As far as an algorithm goes, we can take the algorithm used to prove Dirac's theorem. The hypotheses of that theorem don't hold here, but the algorithm will still work with high probability. The strategy is this:

  1. Pick a path greedily: start at a vertex $v_1$, pick a vertex $v_2$ it is adjacent to, then pick a vertex $v_3$ adjacent to $v_2$, and so on. Repeat until you get stuck.
  2. Turn the path into a cycle: if it has endpoints $v_1$ and $v_\ell$, find adjacent vertices $v_i$ and $v_{i+1}$ on the path such that $v_{i+1}$ is adjacent to $v_1$ and $v_i$ is adjacent to $v_\ell$. Then the cycle is $v_1, \dots, v_i, v_\ell, \dots, v_{i+1}, v_1$.
  3. Turn the cycle into a longer path: if $v_{\ell+1}$ is a vertex not on the cycle, find a vertex $v$ on the cycle adjacent to $v_{\ell+1}$, and take the path starting next to $v$, going around the cycle, and then going to $v_{\ell+1}$.
  4. Repeat steps 2 and 3 until the path contains all the vertices.

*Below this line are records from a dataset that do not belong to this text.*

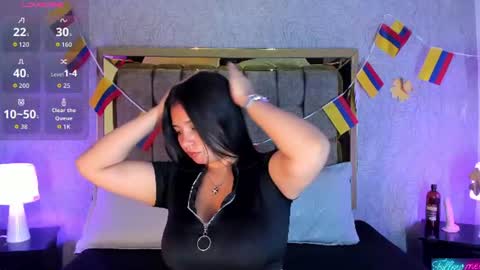 Snapshot of candys_victoria chatting on 06.18.26 Candys Victoria online show from 06.18.26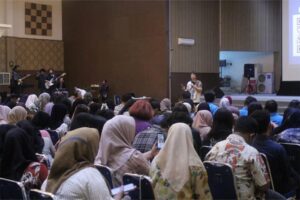 Pentingnya Kemampuan Berbicara di Depan Kelas, Esa Unggul Asah Skill Para Pengajar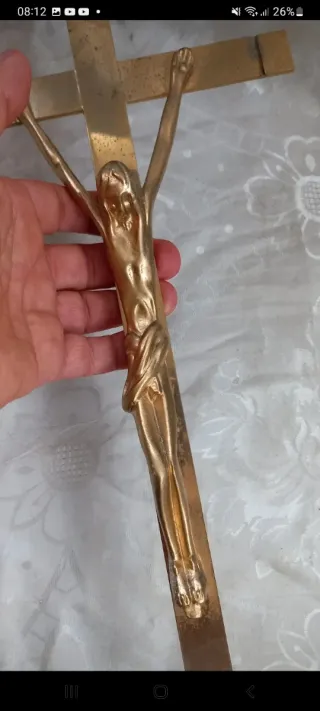 Crocifisso d'epoca dorato in ottone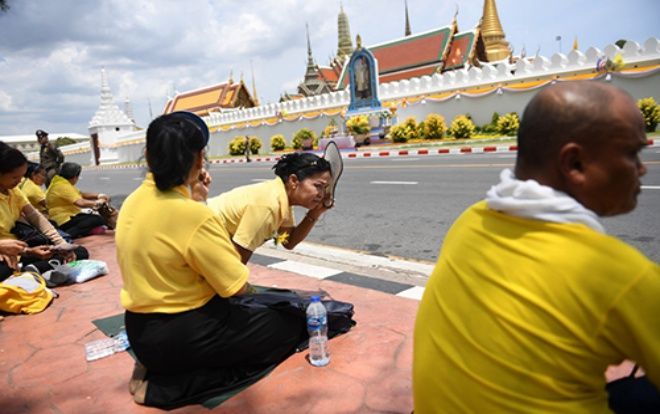 Người Thái Lan đội nắng chứng kiến lễ đăng quang của quốc vương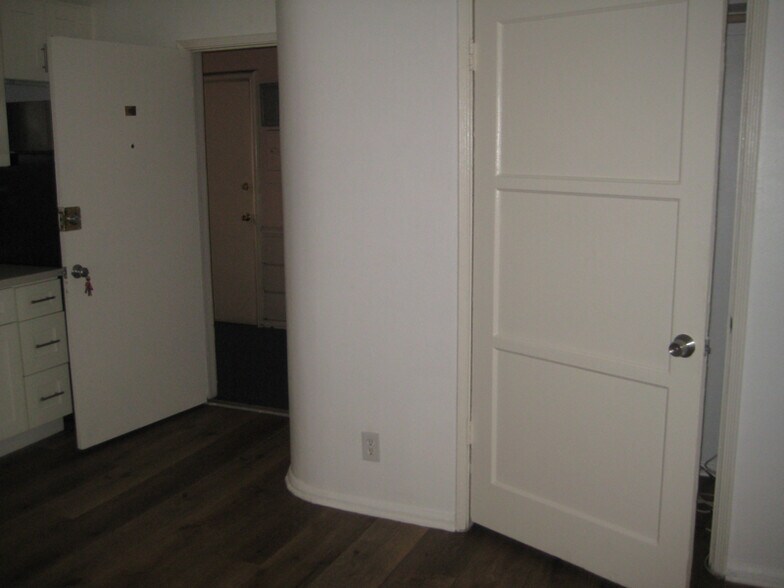 Building Photo - 1781 Orchid Ave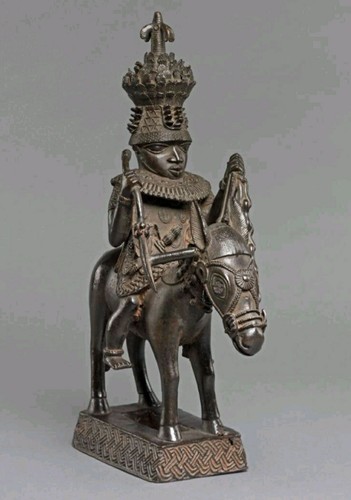Cabeza de bronce fina, antigua, rara de jinete dignatario de Benín. Excelente ejemplo. Nigeria - Imagen 13 de 13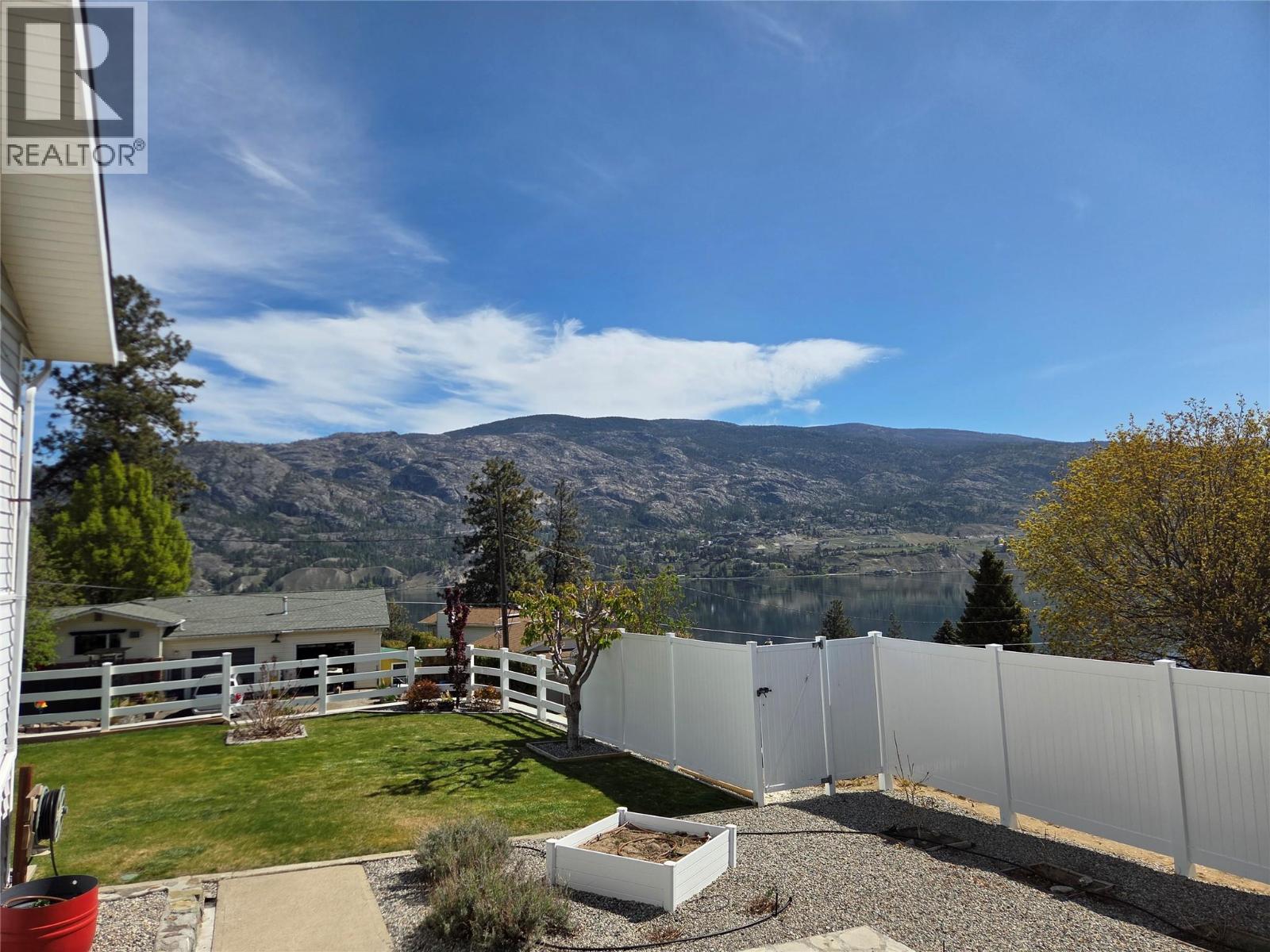  114 Cedar Avenue, Kaleden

All of these steps are quite likely to work individually. The problem is that to analyze how likely they are to work as a whole, we'd have to check edges of the graph multiple times, which doesn't preserve independence.

So instead, we will write our uniformly random graph $G$ as the union of graphs $G_0, G_1, \dots, G_{10 \log n}$, where $G_0$ contains each edge independently with probability $\frac14$, and $G_1, \dots, G_{10 \log n}$ contain each edge independently with probability $p$, chosen so that $\frac34(1-p)^{10 \log n} = \frac12$. Then the union will contain each edge with probability $\frac12$, so it will be the uniformly random graph. If we solve for $p$, we get $p = O(\frac{1}{\log n})$, but all we'll really need is for $p$ to be asymptotically bigger than $\frac{1}{\sqrt n}$.

Then I claim that:

  1. A greedy path chosen in $G_0$ will reach length $n - 5\log n$ with very high probability.
  2. Doing step 2 of the algorithm in any of the $G_1, \dots, G_{10 \log n}$ will work with very high probability.
  3. Doing step 3 of the algorithm in any of the $G_1, \dots, G_{10 \log n}$ will work with very high probability.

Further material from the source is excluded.